Based on our customer experience, we found the special needs for resource prediction from with real world industry customers. Specifically, people only care about the memory usage for those large memory jobs, such as more than several or even hundreds of gigabytes. For small memory jobs, there is no need to know the memory usage in such fine-grained size compared with the massive available memory on the nodes. To satisfy this need, we propose a practical resource prediction method to improve the prediction accuracy for the large memory jobs. Considering the workload characteristics and customer needs, we mainly made the following contributions in this study:

  • We analyzed the characteristics of workload traces collected from real customers, and found the number of jobs consuming large memory is smaller than small memory ones. Then we adopt the over-sampling method for large memory jobs to reduce the information loss.

  • Considering both prediction accuracy and training cost, we propose a practical prediction method using two-stages prediction models. The method removes the noise of small memory jobs when predict the final memory usage. As training complexity is reduced with smaller number of jobs and class number, it is suitable for scenarios with high model updating frequency.

  • We performed evaluation tests using the collected job traces, and analyzed the benefits of the proposed method in reducing prediction errors for large memory jobs and accelerating model training.

The rest of the paper starts with Sect. 2 which gives the motivation of this work by summarizing the characteristics of real-world job traces, and then lists the main design goals of this paper. In Sects. 3 and 4, we introduce the specific work need to be done during dataset preparation, and the proposed two-stage prediction method for large memory jobs. Evaluation results are analyzed in Sect. 5, and Sect. 6 summarized related work on job resource usage prediction. At last, we make the conclusions and introduce the future directions in Sect. 7.

2 Motivation

The work in this paper is motivated from real-world scenarios encountered by resource manager users. In this section, we will first introduce the analysis of job traces collected from our customers. Then the design goals of the resource prediction method is given based on the analysis results.
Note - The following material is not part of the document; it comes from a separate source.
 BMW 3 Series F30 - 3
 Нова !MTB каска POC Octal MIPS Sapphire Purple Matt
2.1 Real-World Traces Analysis

IBM Spectrum LSF is widely used in large scale computing centers from academic research centers to industrial datacenters and even on cloud. The largest clusters in those sites consists of several and even ten thousand of computing nodes with millions of jobs finished per day. We collected three job traces from those sitesFootnote 1 and had surveys with the cluster administrators about the job patterns in those clusters. Based on our experiences and analysis of real job traces in their clusters, we have the following major observations:

  • Large memory jobs are only small portions of the whole job records though contribute to most of the total memory consumptions.

Table 1 shows that the statistics of total memory usage of large and small memory jobs. Take Trace A as an example, 99.49% of total memory usage are contributed by 37.3% of jobs consuming memory larger than 1 GB. Trace C has more large memory jobs but most of them use less than 16 GB memory, while the large memory jobs of the other two traces are scattered between 1 GB and 128 GB.
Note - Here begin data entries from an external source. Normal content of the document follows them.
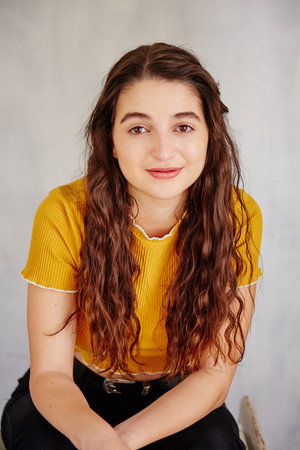 Imogen Ziras portrait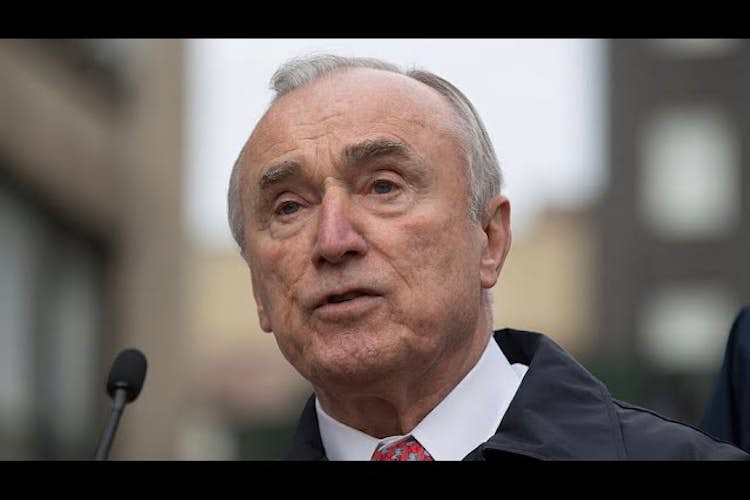 Former NYPD Commissioner Bill Bratton discusses the rise in violent crime across the U.S. in 2020
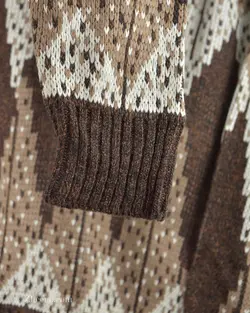 بافت وینتیج Knitwear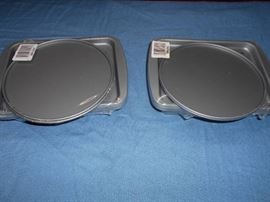 Two Sets of Bakeware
Table 1. Job and memory usage statistics of job traces by per-job memory usage (>1 GB as large memory jobs and others as small memory jobs).
  • Cluster administrators care more about the accuracy of memory usage of large memory jobs.

Figure 1(a) shows the job traces statistics of user specified errors compared with real memory usage consumption. The relative user specified error of a job is calculated as the following formula:

$$ 100*\left| {User\_Specified\_Mem \, {-} \, Real\_Mem\_Usage} \right|/Real\_Mem\_Usage $$
(1)
Fig. 1.
figure 1

Job traces statistics: (a) User specified errors for job memory usage; (b) Number of small memory jobs by their job runtime ranges

As there are no user specified memory values recorded in Trace B, we just show the statistics of Trace A and C. The absolute value of memory loss has large impact on cluster resource utilizations. For example, it is a common case that a chip design simulation application can consume hundreds of gigabytes memory in maximum. Meanwhile, end users specify several times of real memory usage to guarantee application running correctly. That means hundreds of gigabytes are wasted and cannot be concurrently used by other jobs.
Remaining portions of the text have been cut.